Sign in to follow this  
satanir

HLSL compiler weird performance behavior

Recommended Posts

I have this animation demo, which takes quite a few seconds to load. I initially thought that it was related to the model, but apparently the culprit is the skinning VS, and specifically the bones-matrices.

The VS looks like

cbuffer cbPerMesh : register(b1)
{
	matrix gBones[256];
}

struct VS_IN
{
	float4 PosL : POSITION;
	float3 NormalL : NORMAL;
	float2 TexC : TEXCOORD;
	float4 BonesWeights[2] : BONE_WEIGHTS;
	uint4  BonesIDs[2]    : BONE_IDS;
};

struct VS_OUT
{
	float4 svPos : SV_POSITION;
	float2 TexC : TEXCOORD;
	float3 NormalW : NORMAL;
};

float4x4 CalculateWorldMatrixFromBones(float4 BonesWeights[2], uint4  BonesIDs[2], float4x4 Bones[256])
{
	float4x4 WorldMat = { float4(0, 0, 0, 0), float4(0, 0, 0, 0), float4(0, 0, 0, 0), float4(0, 0, 0, 0) };

		for(int i = 0; i < 2; i++)
		{
			WorldMat += Bones[BonesIDs[i].x] * BonesWeights[i].x;
			WorldMat += Bones[BonesIDs[i].y] * BonesWeights[i].y;
			WorldMat += Bones[BonesIDs[i].z] * BonesWeights[i].z;
			WorldMat += Bones[BonesIDs[i].w] * BonesWeights[i].w;
		}

	return WorldMat;
}

VS_OUT VS(VS_IN vIn)
{
	VS_OUT vOut;
	float4x4 World = CalculateWorldMatrixFromBones(vIn.BonesWeights, vIn.BonesIDs, gBones);
	vOut.svPos = mul(mul(vIn.PosL, World), gVPMat);
	vOut.TexC = vIn.TexC;
	vOut.NormalW = mul(float4(vIn.NormalL, 0), World).xyz;
	return vOut;
}

As you can see, this shader supports up to 256 bones per model. Compiling this shader takes around 5 seconds on my Core-i7 CPU.

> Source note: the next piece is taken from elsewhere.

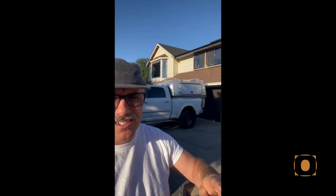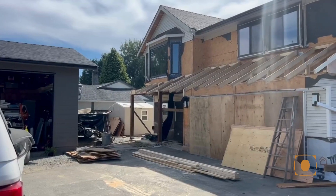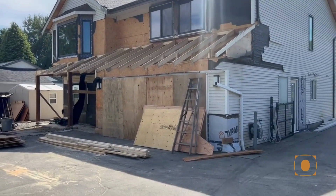Good morning. It's 7 o'clock in the morning. Today we are gonna tear off this roof right here — nice and tidy by the end of the day.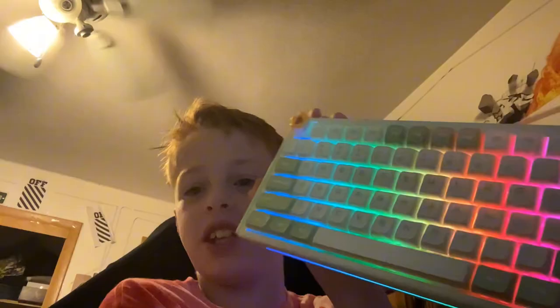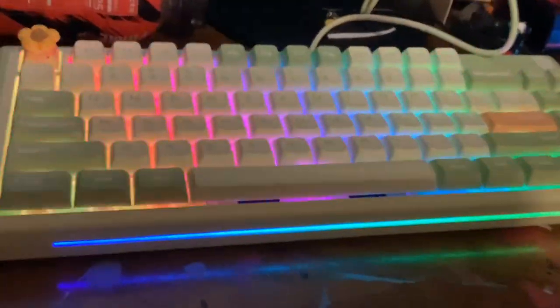I just got a new keyboard — it's the Melon Shake from Dust Silver. This keyboard is literally insane. The cool part about it is it has red switches.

If I reduce the number of supported bones to 16, it compiles almost immediately.

Funny thing is that the generated assembly is exactly the same (except for the CB declaration).

 

I find it weird - the code doesn't rely in any way on the matrices count.

Anyone has any idea why the performance degradation?

Share this post


Link to post
Share on other sites


the code doesn't rely in any way on the matrices count.

 

Don't know if it's the problem, but different shader models support different limits for constant registers. If you're compiling with 4.0 or above (IIRC), you should be okay. What shader model do you compile with?

Share this post


Link to post
Share on other sites


What shader model do you compile with?

 

5.0.

Still, that doesn't explain the performance hit. All the compiler has to do is:

- Verify that sizeof(matrix)*256 < MAX_ALLOWED_CB_SIZE

- Create the SM 5 instruction 'dcl_constantbuffer cb1[41], dynamicIndexed'

 

And that's it. No need to optimize anything.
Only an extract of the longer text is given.